REID: Which can be hard to find consensus on something like this. Most of the trials I've covered over the past 15 years, you have some idea of the outcome. I don't think anyone knows here.

COLLINS: When he says jurors are also not required to accept the testimony of a witness who has no interest in the outcome of a case. Basically saying, you know, they've heard from people like Stormy Daniels and Michael Cohen. They've also heard from C-SPAN executives and people who were White House aides who were still loyal to Donald Trump as all of this was going on.

REID: Yes, he's just talking about, you know, how do you weigh different witnesses, their motivations. He's going through all of this. I think this is going to be fascinating to the jury. But to drive consensus across 12 people when you're dealing with this kind of case, unprecedented, so complex, and the witnesses, I mean, again, Michael Cohen, as the prosecutor said, they would not have selected him at the witness door. But he is what they got and they did the best they could. This is a historic task.

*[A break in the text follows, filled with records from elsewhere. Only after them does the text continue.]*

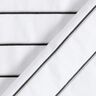 Misto cotone a righe larghe – bianco/nero,  thumbnail number 4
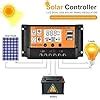 EDEDE Solarladeregler Solarpanel Regler MPPT Solar Laderegler Mit Dual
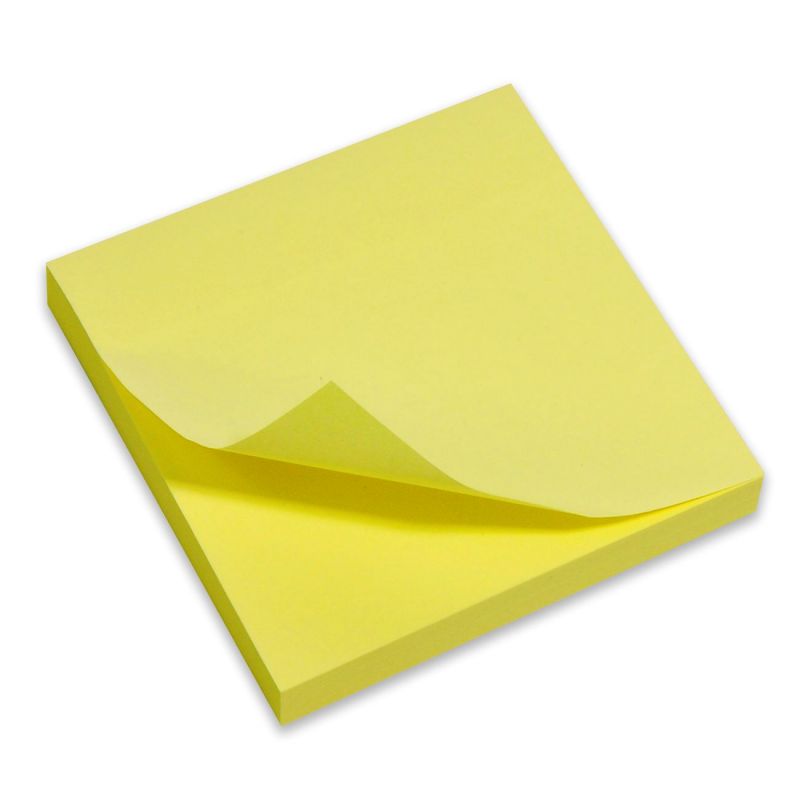 Αυτοκόλλητα Χαρτάκια 76*76mm Κίτρινο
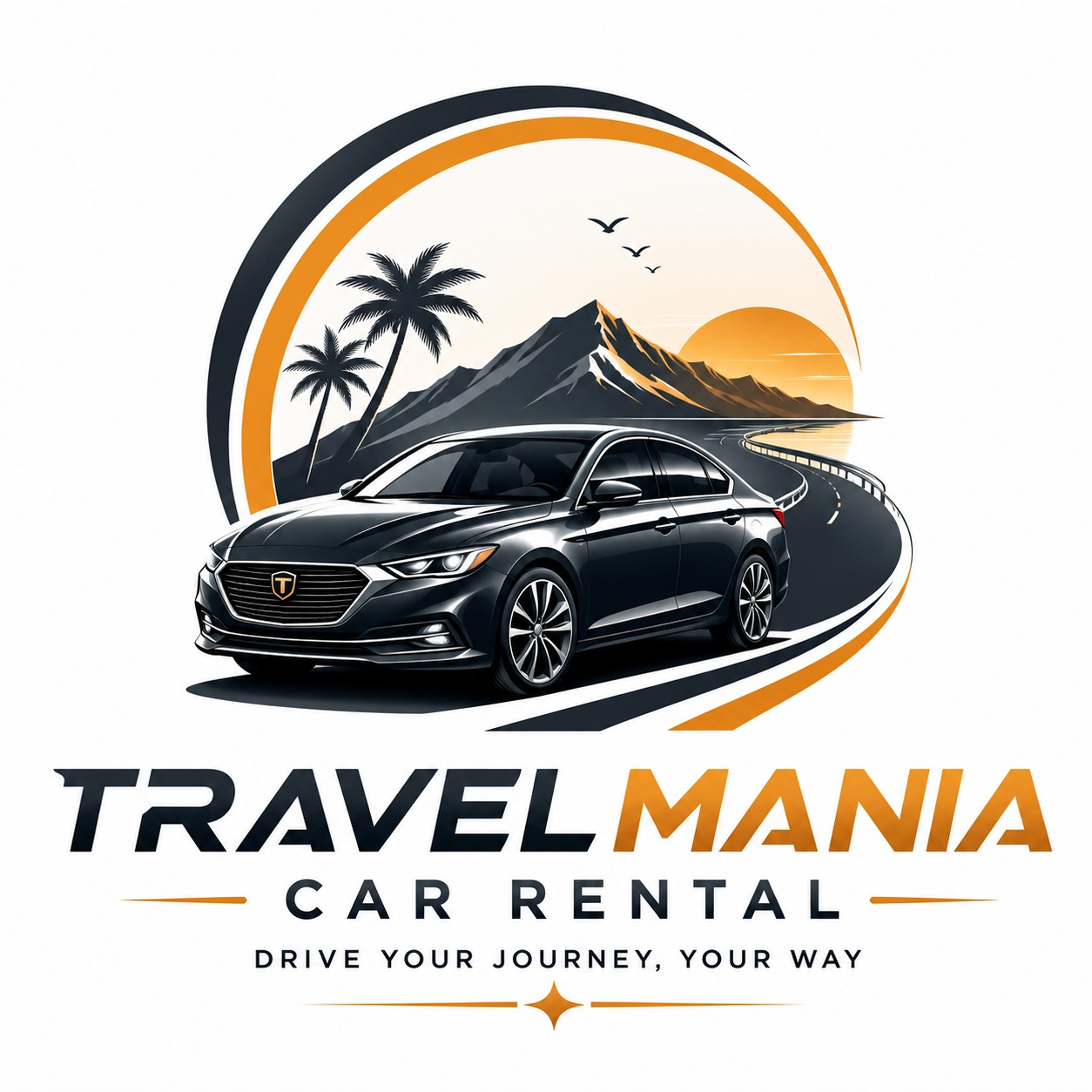 Travel Mania Car Rental Kolkata logo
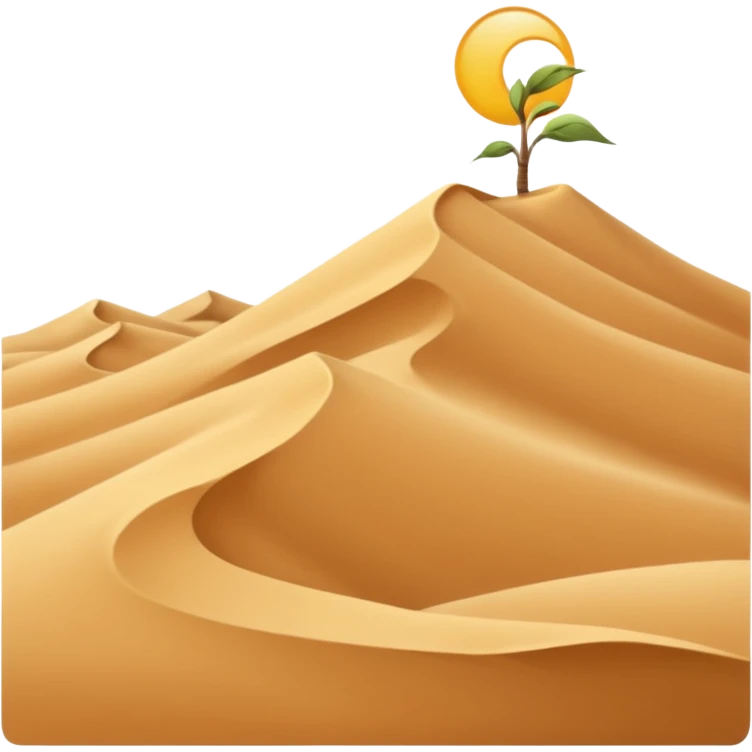 A sandy desert dune shaped by wind over time.




















































 emoji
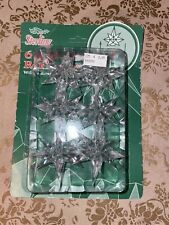 Vintage Sterling Christmas Tree Light Add-On Reflectors Large 3D Stars Set Of 6 picture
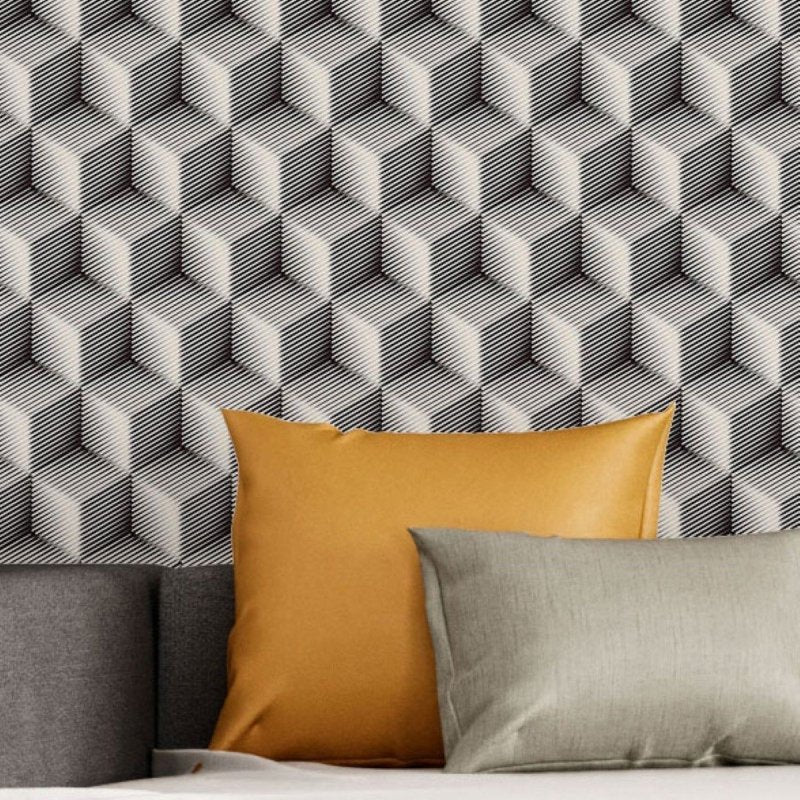 Papel de Parede Adesivo Geométrico 3D Cubos N016005 - Papel na Parede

And again, the judge walking the jury through step by step exactly how they're going to approach this. I have absolutely no idea how this is going to end.

COLLINS: Yes, and of course we've heard from a lot of these attorney's witnesses, Michael Cohen, Stormy Daniels, they're watching all of this very closely this week to see what it is this jury decides once they are inside the jury room. Jake, they're still very much in the middle of these instructions from the judge.

JAKE TAPPER, CNN ANCHOR: Yes. And we're joined right now by former Trump attorney Tim Parlatore. And, Tim, I want to come to you in a second. But before I do, Nia-Malika and Jamie, you can always -- you can already hear the partisans out there preparing their talking points for whatever the jury does. The jury is evil and stupid and biased. Either way, by the way. Either way.

And it does remind us of the incredible responsibility these jurors have. Judge Merchan right now, under our law, Michael Cohen is an accomplice. That's a point that they're making there. But it is -- whatever the juries decide -- the jurors decide we just -- we need to respect it one way or the other.

NIA-MALIKA HENDERSON, CNN SENIOR POLITICAL ANALYST AND BLOOMBERG POLITICAL AND POLICY COLUMNIST: And you hope that those jurors can put the noise out of their minds, right? They've been there for seven weeks they're going to be here for any more minutes listening to this judge. You know, there is a lot of hoopla, obviously, outside of the courtroom. We're covering this wall to wall. But I imagine that inside that courtroom, it probably feels like another day at the court. (INAUDIBLE).

TAPPER: And we should note, Judge Merchan in calling and describing Michael Cohen as an accomplice, Judge Merchan is saying, jurors cannot convict Trump on Cohen's testimony alone because he is an accomplice, but they can use his testimony if they corroborate it with other evidence, important jury instruction, Jamie Gangel.

JAMIE GANGEL, CNN SPECIAL CORRESPONDENT: So, you know, this goes to me, at the end of the day, juries come to decisions all the time. Is there any question that this jury is taking this very seriously? I -- how could they not? But what you see in these instructions, common sense, reasonable doubt, he leaves some things open to them. These are the kinds of discussions the jurors have every day.

I also just want to say, because of Cohen's testimony alone, there were 19 other witnesses, we should remember, whose name were not Michael Cohen, many of whom were not hostile to Donald Trump, and also a lot of circumstantial evidence. My question just always comes back to, there are two lawyers on this jury, and will they play an outsized role?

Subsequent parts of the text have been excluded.